The Molecular Mechanism of Plant Genetic Transformation by Agrobacterium tumefaciens, Nature's Genetic Engineer

Abstract of Lecture
Agrobacterium tumefaciens is a soil bacterium that causes the neoplastic disease Crown Gall on hundreds of plant species. Agrobacterium is also nature's genetic engineer. All virulent strains of Agrobacterium harbor a large extra-chromosomal segment of DNA called the Ti- (tumor inducing-) plasmid. During the course of infection, a small region of the Ti-plasmid, termed the T- (transferred-) DNA, is processed from this plasmid and transferred, along with several Virulence (Vir) proteins, from the bacterium to the plant. Once in the plant cell, the T-DNA must traverse the cytoplasm, enter the nucleus, and integrate into the plant genome. Following integration, T-DNA-encoded genes are stably expressed using the host's transcriptional and translational machinery. Expression of oncogenes from the T-DNA results in over-production of plant growth regulating hormones, the auxins and cytokinins, causing unregulated plant cell growth and, consequently, tumors.

Several genes within the T-DNA also encode enzymes that direct the synthesis of novel low molecular weight compounds, termed opines. Opines can be used as carbon and (sometimes) nitrogen sources for the inciting bacterium to the exclusion of most other soil microorganisms. Thus, Agrobacterium genetically engineers plants to synthesize compounds, the opines, by which it can successfully compete with other organisms in the rhizosphere. Agrobacterium remains the sole known example of natural trans-kingdom (prokaryote to eukaryote) genetic exchange.

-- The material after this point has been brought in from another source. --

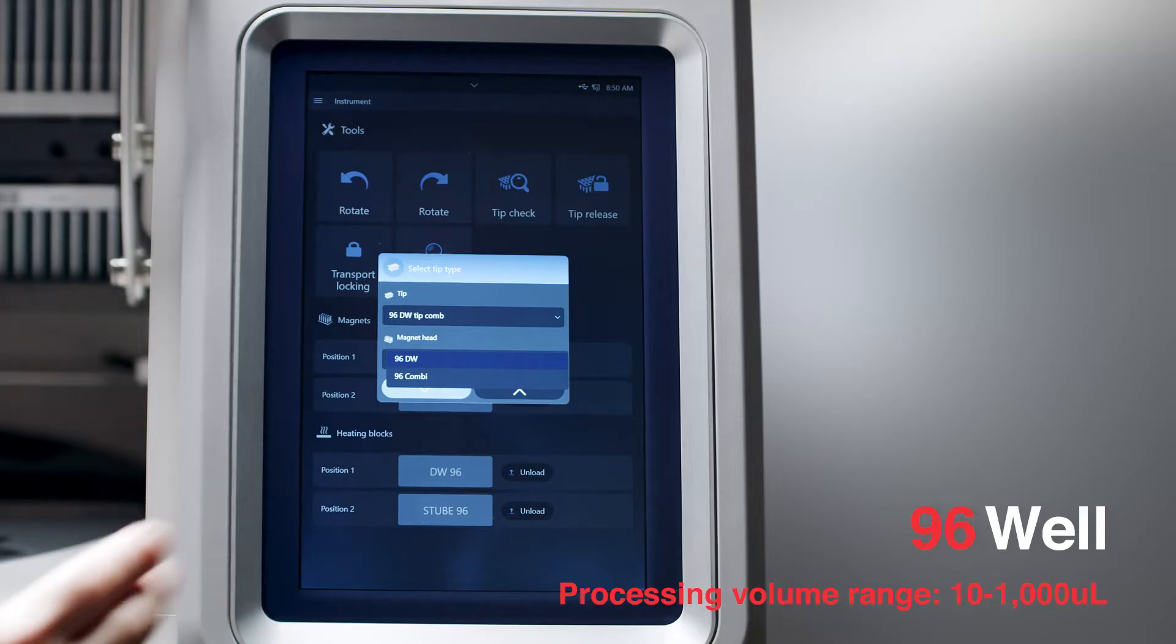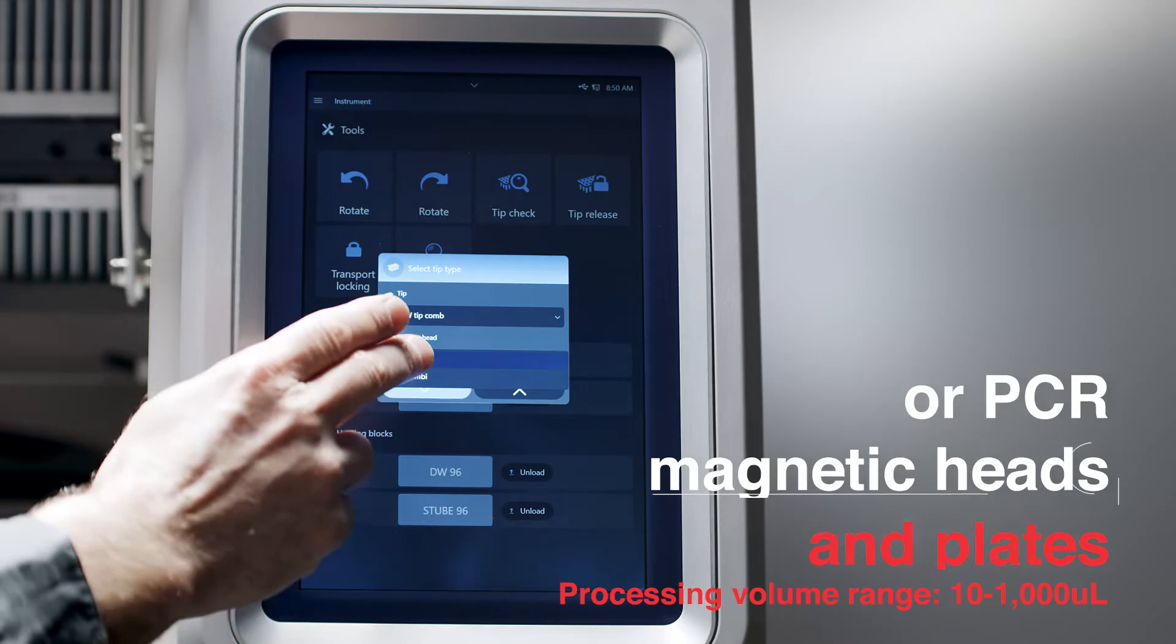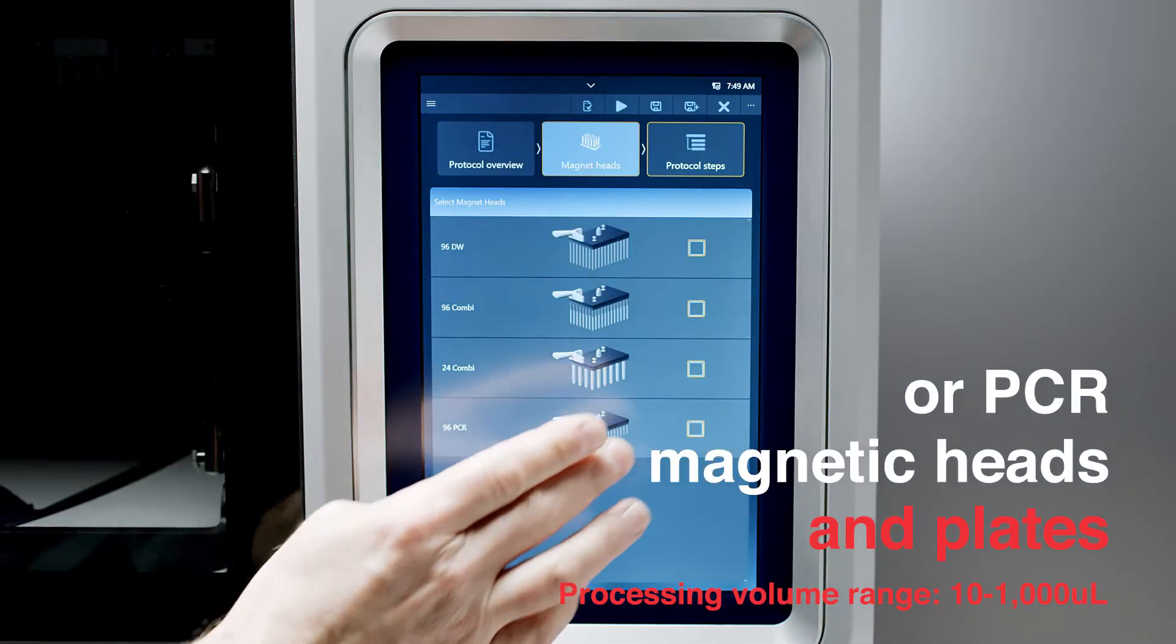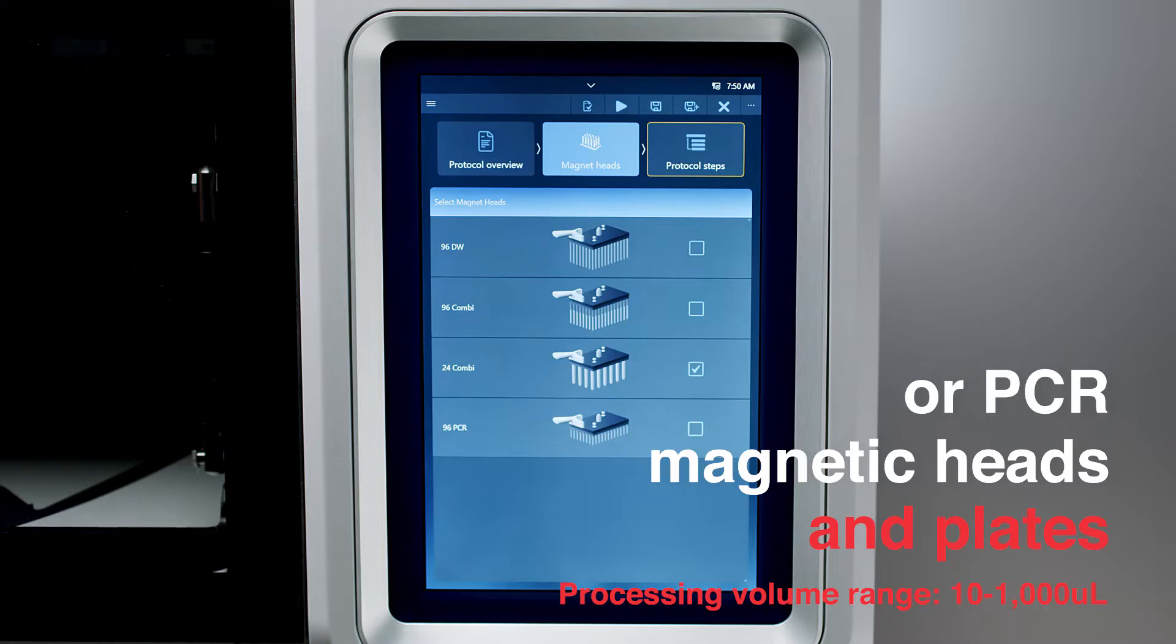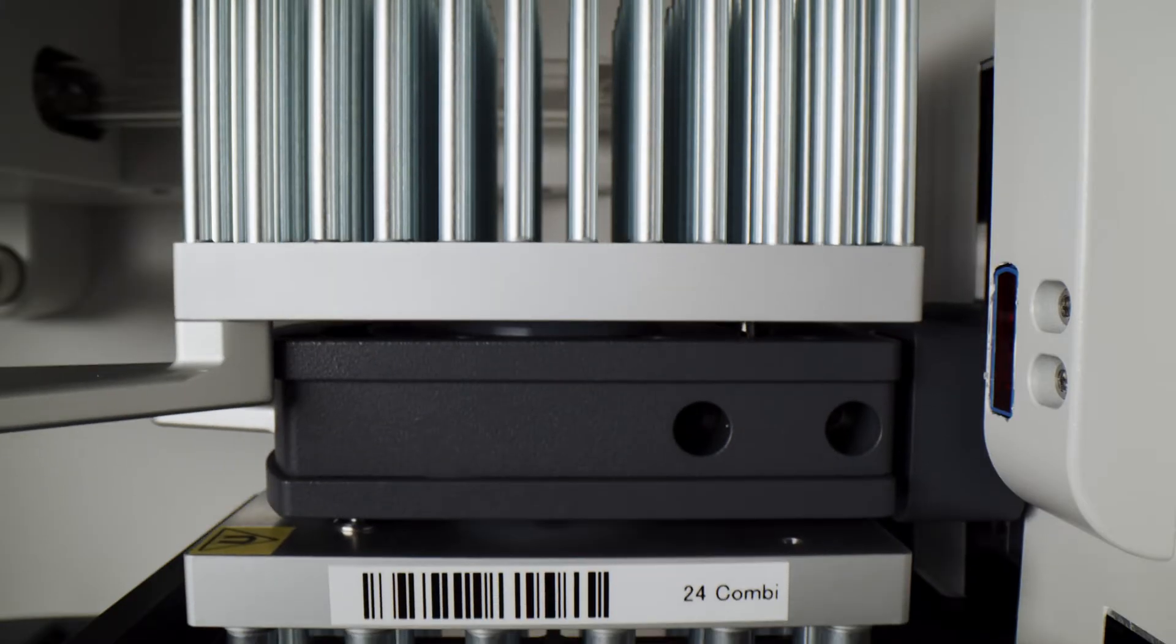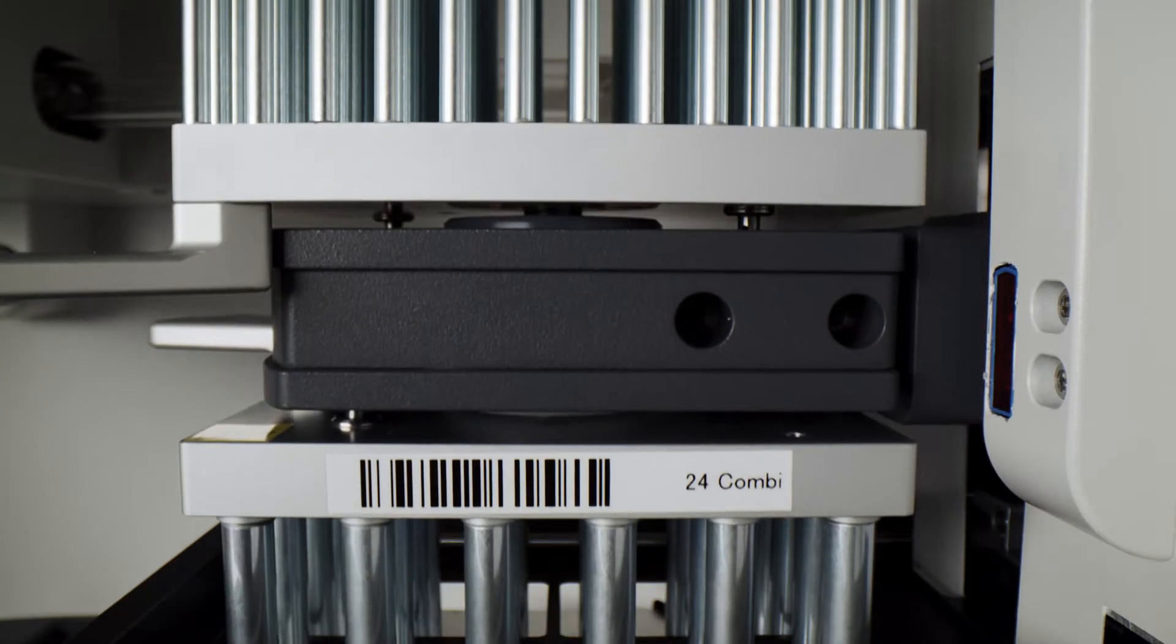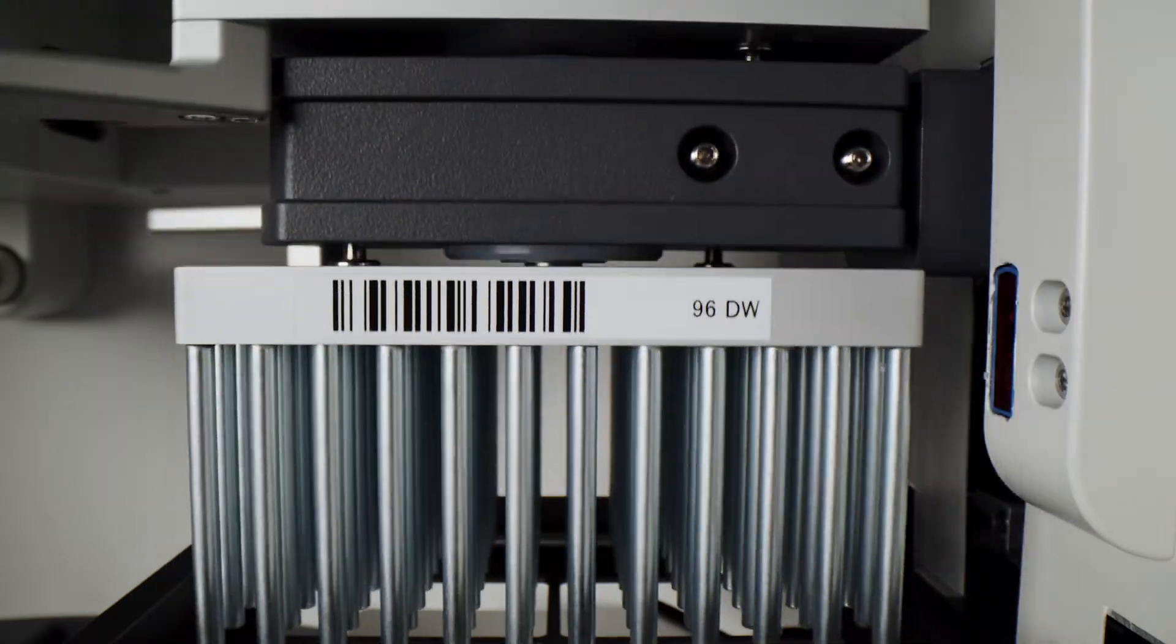Select from a range of corresponding magnetic heads and plates, so you can work in large to small volumes. Switch between two magnet heads in a single run.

Approximately 20 years ago, scientists learned how to “tame” Agrobacterium for use as a genetic engineering organism for plants and, more recently, fungi and human cells. By deleting the oncogenes from the T-DNA, they “disarmed” the bacterium so that it would no longer produce tumors. However, these engineered laboratory strains could still deliver (non-oncogenic) T-DNA to plants, fungi, or mammalian cells. Any DNA segment now incorporated into the T-DNA would likewise be introduced into the host cell. The ability to deliver new genes into plants has formed the basis for modern agricultural biotechnology, resulting in plants resistant to herbicides and pathogens, plants with altered growth, metabolic, and nutritional characteristics, and plants that can be used as “bioreactors” to synthesize valuable pharmaceuticals and antibodies.

Although Agrobacterium-mediated plant transformation has provided a mainstay for plant biotechnology and plant molecular biology studies, many agriculturally important plant species, including corn, soybeans, cotton, fruit trees, trees used for lumber and pulp production, and ornamentals, remain highly recalcitrant to this method of transformation. To some extent, genetic manipulation of the bacterium has resulted in strains with a broader host range. However, major limitations for the use of Agrobacterium still remain. More recently, many scientists have concluded that we may be approaching the limits of our ability to manipulate the bacterium to improve its virulence, and that further success in broadening the host range may lie in an understanding and manipulation of the plant host. Our laboratory has become actively involved in understanding the role of host genes and proteins in the transformation process.

Through a broad range of experimental approaches and international collaborations, we have now identified more than 125 plant genes involved in Agrobacterium-mediated genetic transformation. These approaches have defined numerous host proteins contributing to each of the stages of transformation: bacterial attachment to the host cell, T-DNA and Vir protein transfer, cytoplasmic trafficking of the T-DNA and the associated Vir proteins, nuclear targeting of the T-DNA/Vir protein complex, removal of Vir proteins from the T-DNA, T-DNA integration into the host genome, and T-DNA gene expression. I shall present an overview of what we have learned about the host contributions to the transformation process. This knowledge will likely be applicable to human and animal pathogenesis.